▶ [Data below]:

>>>>>

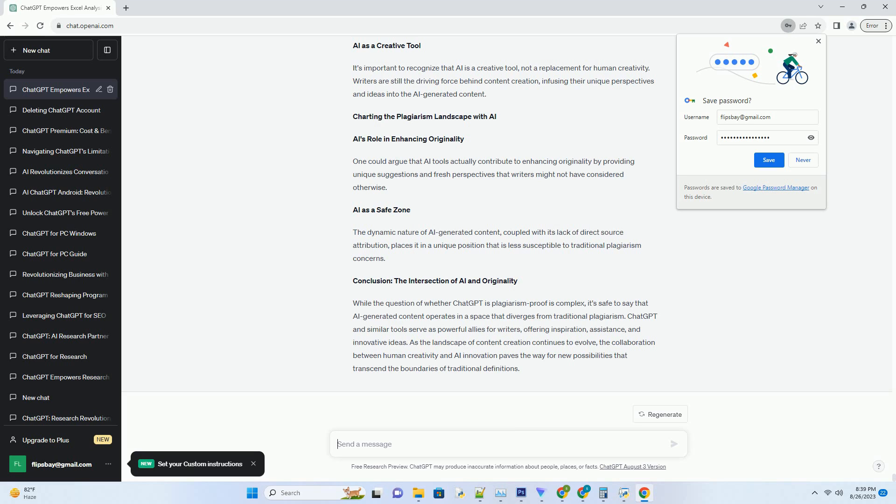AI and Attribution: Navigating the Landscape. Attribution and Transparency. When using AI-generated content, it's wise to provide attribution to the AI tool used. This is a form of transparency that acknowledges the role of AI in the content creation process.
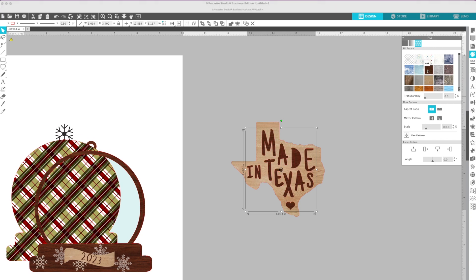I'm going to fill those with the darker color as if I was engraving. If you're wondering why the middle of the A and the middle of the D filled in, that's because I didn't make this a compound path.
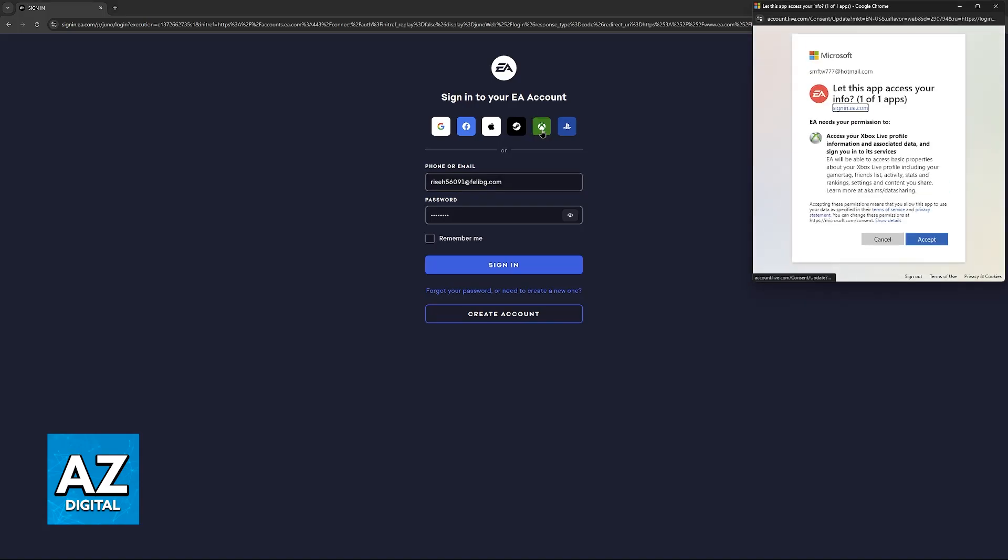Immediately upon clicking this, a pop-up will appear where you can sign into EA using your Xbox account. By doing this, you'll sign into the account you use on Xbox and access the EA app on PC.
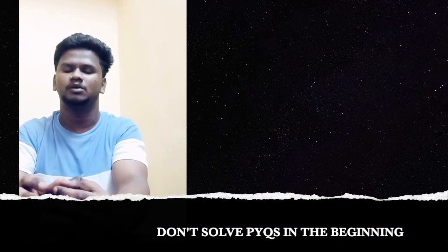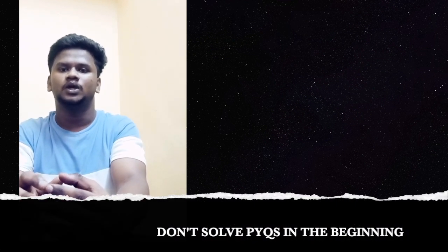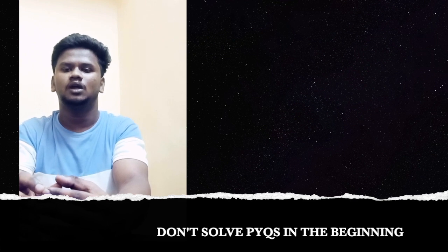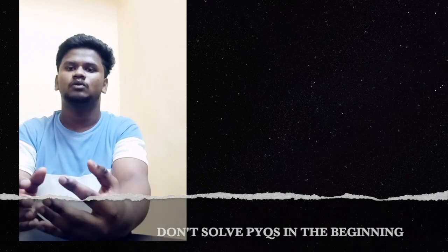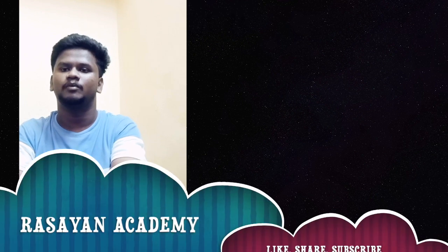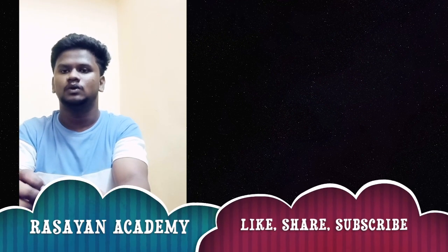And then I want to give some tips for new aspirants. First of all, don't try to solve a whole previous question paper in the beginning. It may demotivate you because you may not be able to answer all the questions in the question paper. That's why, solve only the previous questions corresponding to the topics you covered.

<<<<<

▶ [Problem statement]:
Please return all of the material above exactly, minus any pictures.

▶ [Exercise output]:
AI and Attribution: Navigating the Landscape. Attribution and Transparency. When using AI-generated content, it's wise to provide attribution to the AI tool used. This is a form of transparency that acknowledges the role of AI in the content creation process.
I'm going to fill those with the darker color as if I was engraving. If you're wondering why the middle of the A and the middle of the D filled in, that's because I didn't make this a compound path.
Immediately upon clicking this, a pop-up will appear where you can sign into EA using your Xbox account. By doing this, you'll sign into the account you use on Xbox and access the EA app on PC.
And then I want to give some tips for new aspirants. First of all, don't try to solve a whole previous question paper in the beginning. It may demotivate you because you may not be able to answer all the questions in the question paper. That's why, solve only the previous questions corresponding to the topics you covered.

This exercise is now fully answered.